No entanto, todas as teorias pedagógicas nos dizem ser no início da escolaridade que as crianças aprendem a aprender e aprendem sobretudo o sentido e o prazer de conhecer. Como podem chegar a descobrir o sentido do conhecimento e o prazer de aprender, quem fracassa na primeira tentativa, que é a alfabetização? Como pode chegar a aprender quem não vê sentido no que insistem em lhe ensinar?
O problema do analfabetismo é um dos mais graves problemas que enfrenta a América Latina, especialmente num país como o Brasil. Segundo as estatísticas oficiais, mais de 20% da população brasileira é constituída de analfabetos. É preciso dizer que no Brasil é considerado alfabetizado quem apenas desenha o seu nome.
E quem são os analfabetos? No Brasil, na América Latina e em todas as partes do mundo, os analfabetos são sempre filhos de analfabetos ou semi-analfabetos., filhos daqueles que, ou jamais foram à escola, ou na escola, ao invés de aprenderem a ler, escrever e contar (pelo menos), aprenderam serem incapazes de aprender.
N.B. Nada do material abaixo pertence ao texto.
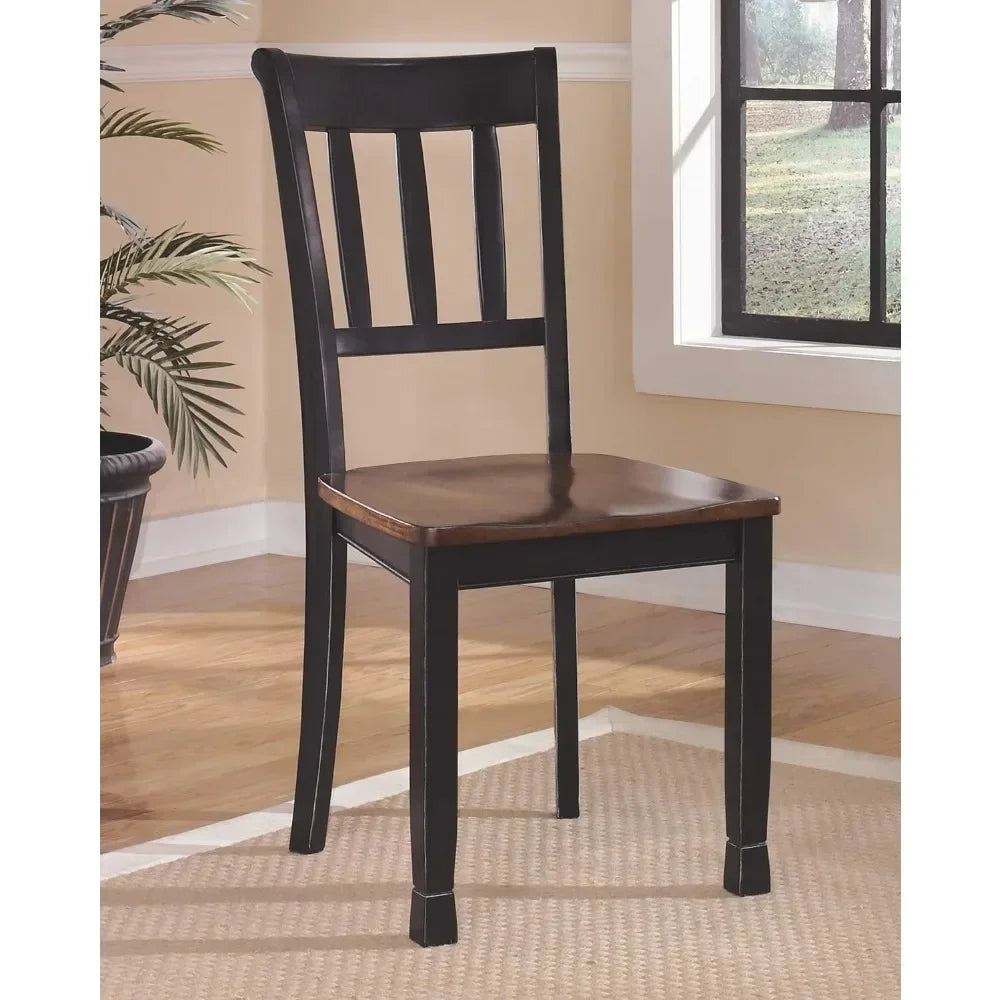 Dining chairs modern farmhouse dining side chairs, set of 2, black and brown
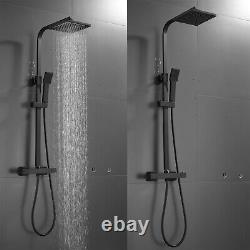 Black Shower Set Bathroom Thermostatic Mixer Square Twin Head Exposed Valve UK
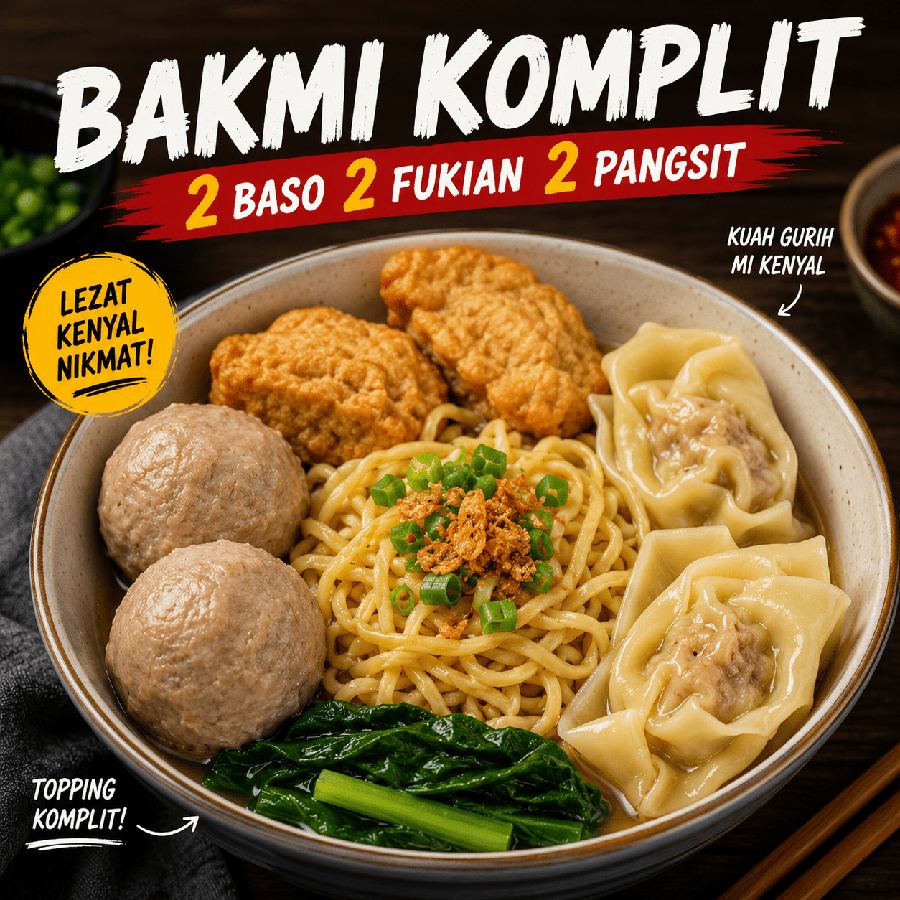 Foto Bakmi Komplit 2baso 2fukian 2pangsit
São, em suma, filhos e filhas, irmãos e irmãs dos que fracassaram na escola e que na escola aprenderam ser sua a responsabilidade por seu próprio fracasso.
Quantas vezes, em minha história de professora alfabetizadora, me deparei, no primeiro dia de aula, com a ansiedade da mãe que me implorava:

'Puxa pela minha filha, para ver se esta aprende, pois tudo é cabeça dura lá em casa'.
Será que uma criança que cresce ouvindo que 'tudo é cabeça dura lá em casa' consegue superar a avaliação da própria mãe de que todos os seus filhos e filhas são incapazes de aprender, e consegue aprender, rompendo o estigma do fracasso escolar de sua família? Será que alguém consegue se perceber como capaz de aprender quando sua própria mãe afirma que ela só aprenderá se a professora 'puxar por ela', mostrando descrer da capacidade de sua filha para aprender? Na avaliação da mãe, só uma professora muito competente (e competência para ela é puxar por sua filha) conseguirá que de uma família de gente pouco inteligente, 'cabeça dura', alguém aprenda. A própria imagem de 'puxar' é significativa: é assim como quem puxa um asno que empaca e não sai do lugar. Para que o asno que empaca saia do lugar, se mova e ande para a frente, é preciso que alguém o puxe. Este é o papel que a mãe espera da professora - que ela puxe por sua filha, que empacou como o asno da metáfora.
Todos sabemos da importância dos primeiros anos de escolaridade. É aí que se instala a semente da futura relação com o conhecimento e com o mundo, onde se incluem as pessoas, os grupos, a sociedade global e a natureza. É ali que uma acção pedagógica competente porque comprometida com a mudança provoca 'a paixão de conhecer o mundo' e a paixão pelo mundo. Aqueles e aquelas que se formam nesta escola se tornarão cidadãos e cidadãs conscientes e comprometidos/as com a construção de um mundo melhor. Ali, se estará construindo, portanto, uma cidadania consciente e comprometida com o colectivo. No entanto, quando a acção pedagógica está vinculada a um projecto excludente como o neoliberal, na escola se constrói a subalternidade consentida ou inconsciente de um lado (o lado das classes populares) e, de outro, o individualismo possessivo, competitivo e consumista (o lado dos que detêm o poder).
A escola, ainda que se apresente como neutra, é um espaço de luta por hegemonia, em que os interesses hegemônicos fazem por dificultar, senão impedir, a criação de uma escola de qualidade para as crianças e jovens das classes populares, mas onde, os interesses contra-hegemônicos lutam por instalar uma discussão política sobre o papel da escola e da cultura no movimento emancipatório do qual participam aqueles e aquelas que foram historicamente subalternizados e hegemonizados.
Rediscutir o papel da escola, numa perspectiva emancipatória, nos leva a retornar a Gramsci em sua preocupação de que 'a tendência democrática, intrinsecamente, não pode consistir apenas em que um operário manual se torne qualificado, mas em que cada 'cidadão' possa se tornar 'governante', e que a sociedade o coloque, ainda que 'abstractamente' nas condições gerais de poder fazê-lo'.
Aí estava delineado o papel de uma escola democrática no tempo de Gramsci, sonho que se mantém até hoje como sonho, pois nas sociedades latino-americanas, este ideal está longe de ter sido transformado em realidade.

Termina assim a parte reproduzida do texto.